Segment Start: Data excerpt
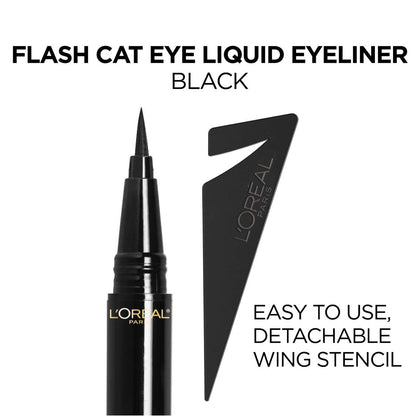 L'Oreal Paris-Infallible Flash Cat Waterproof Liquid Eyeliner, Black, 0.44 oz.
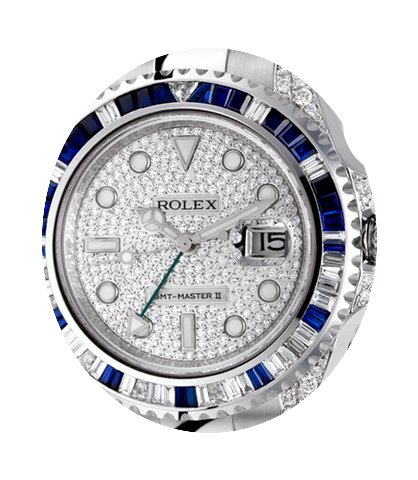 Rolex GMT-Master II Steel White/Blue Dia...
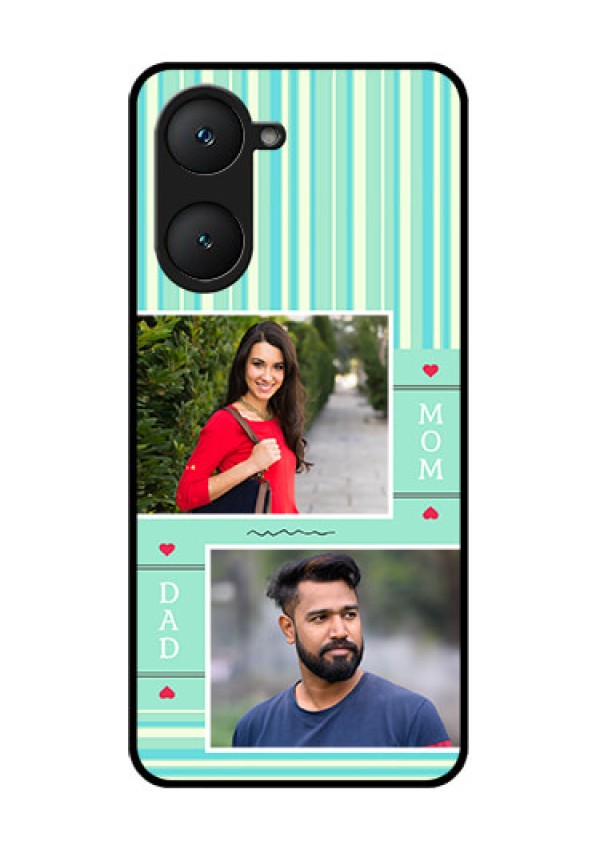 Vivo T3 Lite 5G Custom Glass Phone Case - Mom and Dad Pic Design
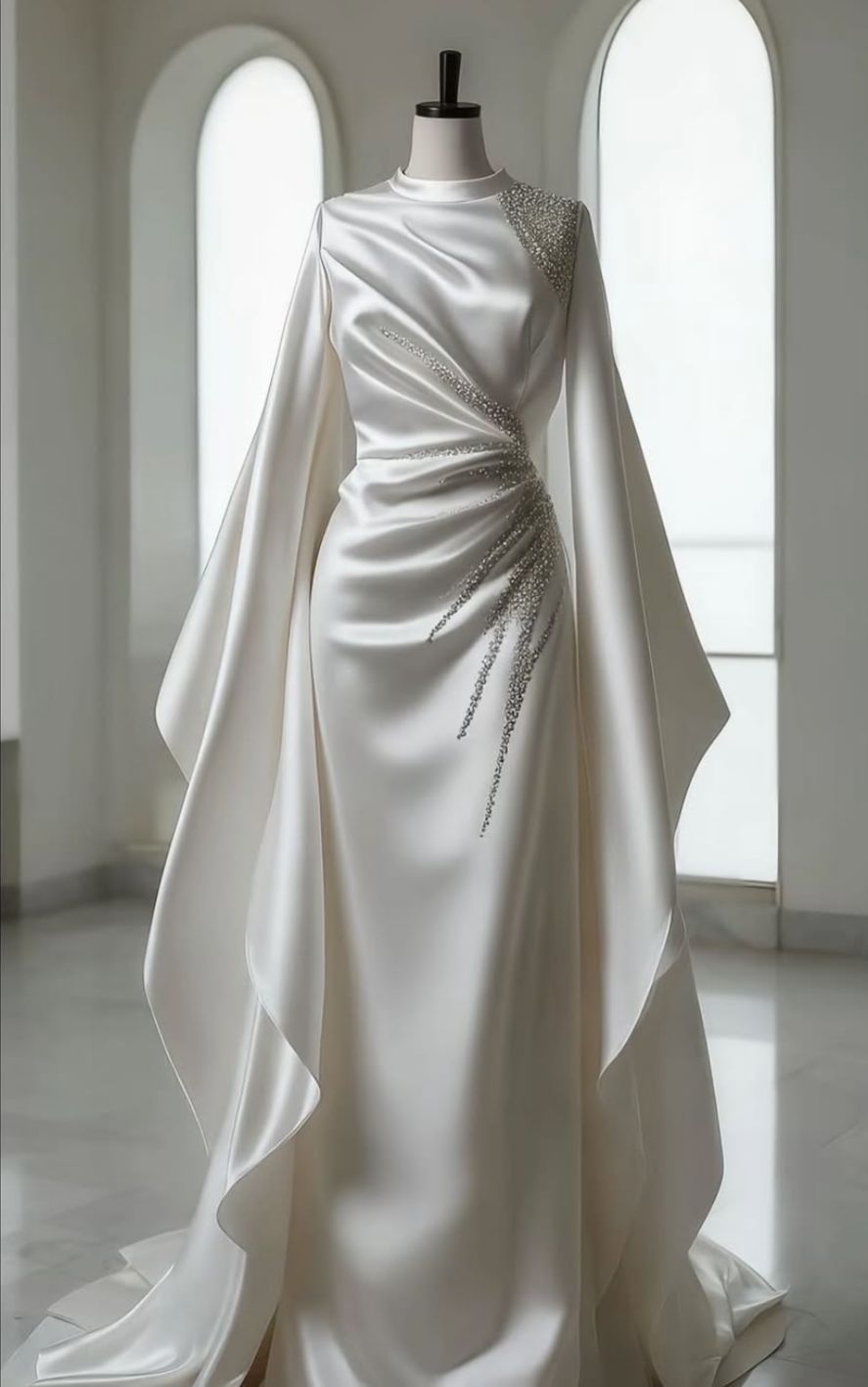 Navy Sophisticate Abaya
Segment End: Data excerpt
(Required work)
Repeat the whole listing above word for word, but keep any picture out of it.

(Answer space)
 L'Oreal Paris-Infallible Flash Cat Waterproof Liquid Eyeliner, Black, 0.44 oz.
 Rolex GMT-Master II Steel White/Blue Dia...
 Vivo T3 Lite 5G Custom Glass Phone Case - Mom and Dad Pic Design
 Navy Sophisticate Abaya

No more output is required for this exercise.